Y que ya es tiempo para que los senadores cubran la vacante que hay desde hace nueve meses en el Consejo de la Judicatura Federal.
Silva Meza salió al paso a la intención de algunos legisladores de aplazar para el año próximo la designación del representante del Senado ante el CJF, que es el órgano encargado de la administración y disciplina de los juzgadores federales.
Y es que, desde que Jorge Moreno Collado dejó su cargo el 30 de noviembre pasado, los legisladores han hecho caso omiso a su obligación de nombrar al séptimo integrante del CJF, el cual es presidido por el propio Silva Meza.
En el entorno cercano a Silva Meza se dice que si los senadores están tan interesados en la elección, promoción y permanencia de los titulares de los juzgados y tribunales federales, que se preocupen por elegir a alguien realmente conozca del tema.
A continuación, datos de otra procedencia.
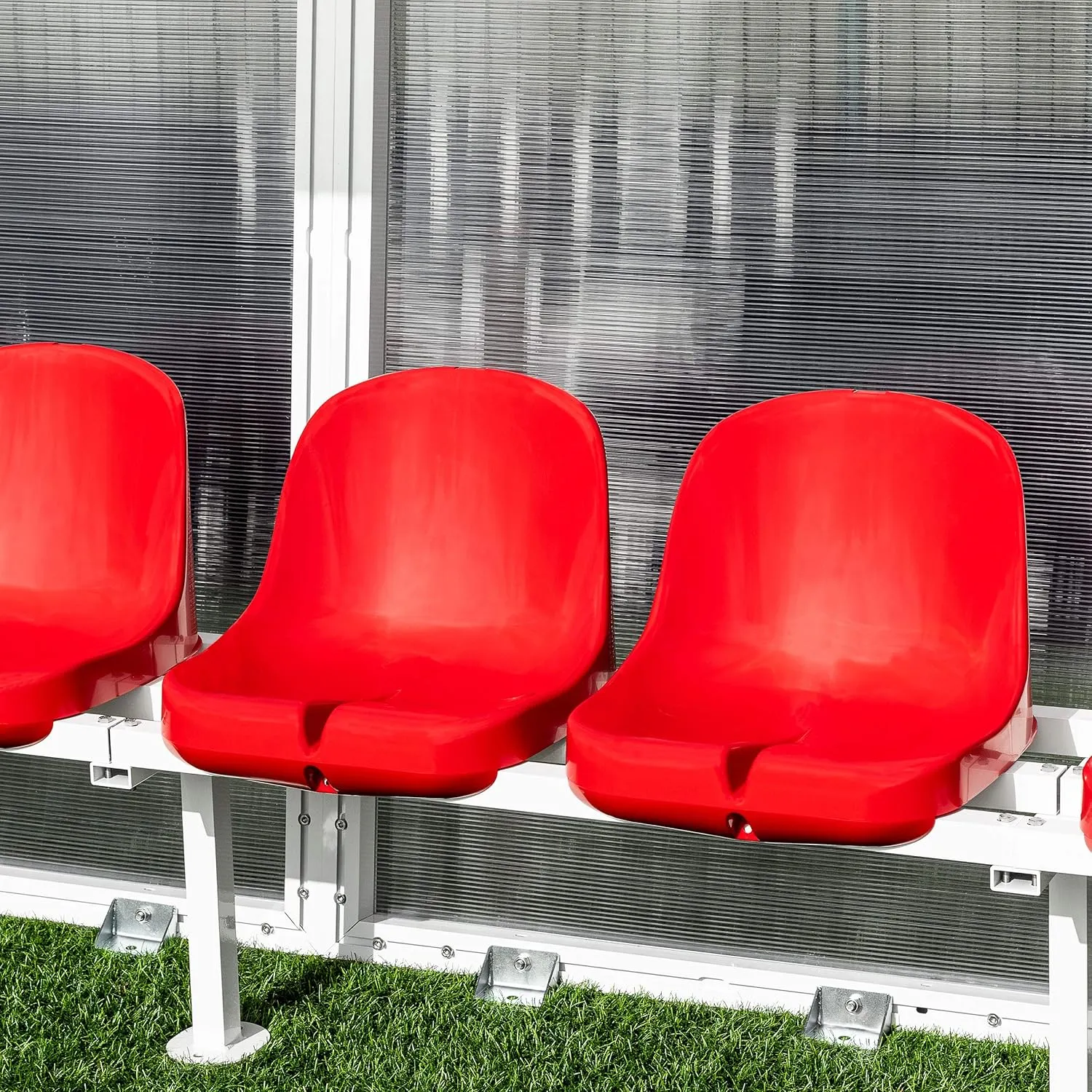 FORZA Aluminium Team Shelter [26ft | 16 Red Seats]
Que los senadores hagan a un lado las cuotas partidistas.
En el Poder Judicial de la Federación están convencidos de que es inaceptable aplazar la designación del consejero y esperar que el ex senador panista César Jáuregui Robles -cuya elección fue producto de las cuotas partidistas- deje su cargo para que el Senado designe a sus dos representantes ante el CJF.
Por otra parte, ante la intención de senadores panistas de establecer los exámenes de confianza para los jueces y magistrados federales, Silva Meza dejó en claro que sería una medida discriminatoria, el que únicamente los titulares de los juzgados y tribunales se sometieran a esas pruebas y no así, los representantes de los otros poderes, como son diputados y senadores, o los secretarios de Estado e integrantes del gabinete presidencial.
Seguramente la reacción de los legisladores no se hará esperar.
El mensaje del presidente de la Corte también tuvo un destinatario interno: el consejero Juan Carlos Cruz Razo.
Nos cuentan que Cruz Razo declaró hace unos días la posibilidad de que los juzgadores fueran sometidos a exámenes de confianza. Las declaraciones causaron molestia y desorientación al interior de la judicatura federal.
Ahora, las cosas ya están claras y se conoce la postura institucional al respecto.